Has anyone found a solution to this problem. I have the same thing happening and would like to know if there is a solution.

I have a Toshiba 1905-S303 and my battery (2nd one) got to a point where it just won't last. Shortly afterward it started acting funny in that the battery light started flashing and it started taking a really long time to get past the bios screen (unless I removed the battery). Well I finally got a new battery, only now it won't charge the new battery at all.

Both Linux and Windows XP show the battery as fully charged at 0%.

I'm inclined to think it's an issue of not communicating with the battery but I don't know if there is a fix or not.


----------



## zerodegrees (Aug 13, 2008)

Yes. I have the same problem with my Toshiba A75-S213. The battery was at 97% then began dropping very quickly then the computer would not switch over to the AC after the battery quit. I checked out the AC and it's o.k. The battery I'm not so sure about. It is three years old and probably ready for the graveyard.
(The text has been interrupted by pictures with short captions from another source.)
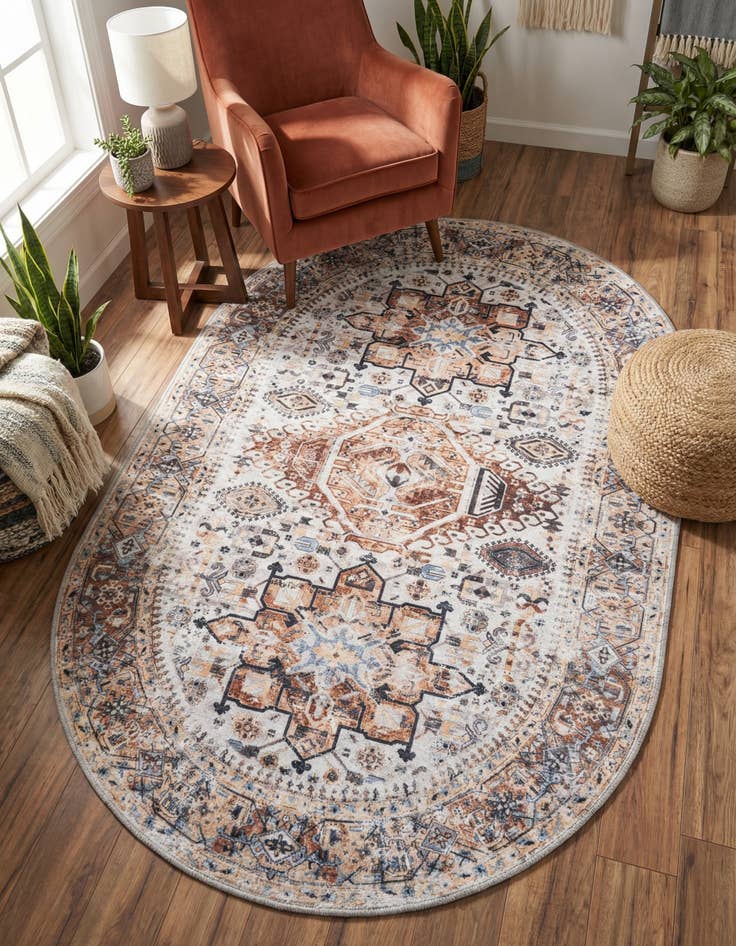 Detail image of 4' 1 x 6' 1 Washable Yara Oval Rug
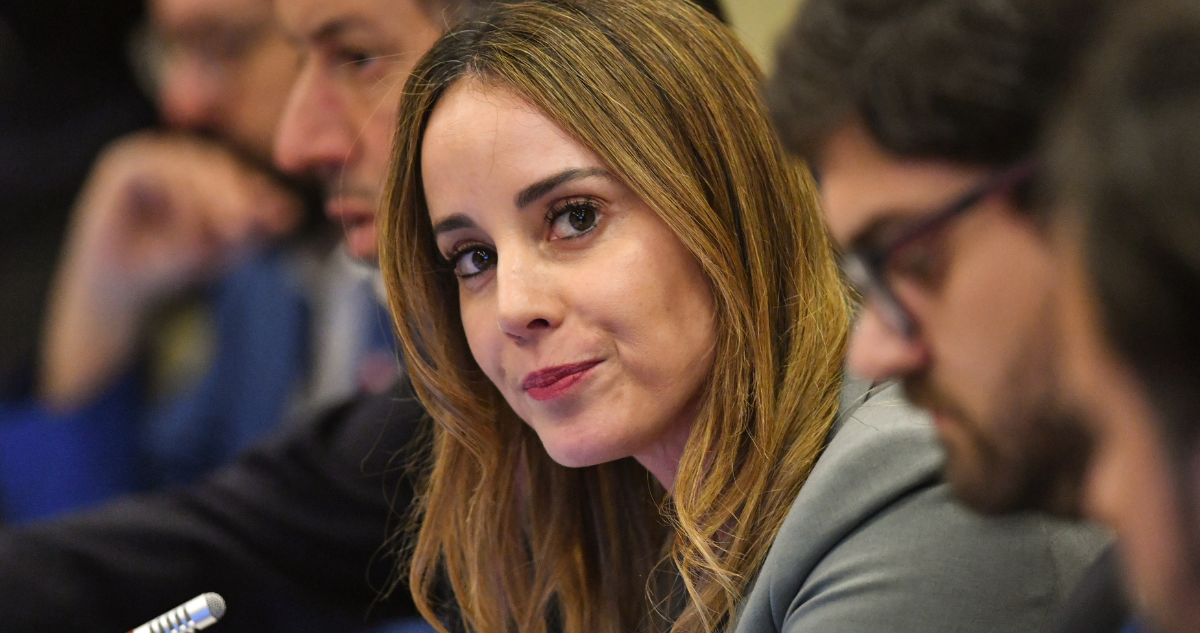 Sedini llega al Congreso tras ausencia previa para exponer plan del Gobierno ante crisis de TVN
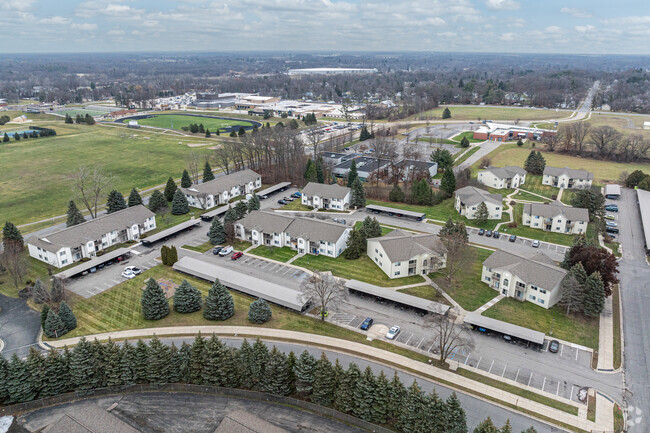 Aerial Photo - Maplewood Square Apartments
But even so, every laptop I've ever owned switched over to AC and ran the pooter. This one won't run with or without the battery installed. The battery is Model. PA3383U-1BRS. The AC light just blinks.


----------



## ckgreenman (Jun 22, 2008)

zerodegrees said:


> Yes. I have the same problem with my Toshiba A75-S213. The battery was at 97% then began dropping very quickly then the computer would not switch over to the AC after the battery quit. I checked out the AC and it's o.k. The battery I'm not so sure about. It is three years old and probably ready for the graveyard. But even so, every laptop I've ever owned switched over to AC and ran the pooter. This one won't run with or without the battery installed. The battery is Model. PA3383U-1BRS. The AC light just blinks.
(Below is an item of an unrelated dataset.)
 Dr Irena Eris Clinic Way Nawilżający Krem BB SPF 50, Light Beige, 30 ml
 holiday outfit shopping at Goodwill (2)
Sounds like you're having a different problem then I am. Mine flat won't charge the battery but run's perfectly fine with the AC adapter. In fact I absolutely HAVE to have the AC adapter plugged in. The instant I pull the plug the laptop goes dead. 

As for your battery, I think 3 years (depending on usage) is probably about right for replacement. You can try getting a new battery and see if your problem fixes itself. Unfortunately I don't know if there's a fix for my problem unless it involves replacing the motherboard.


----------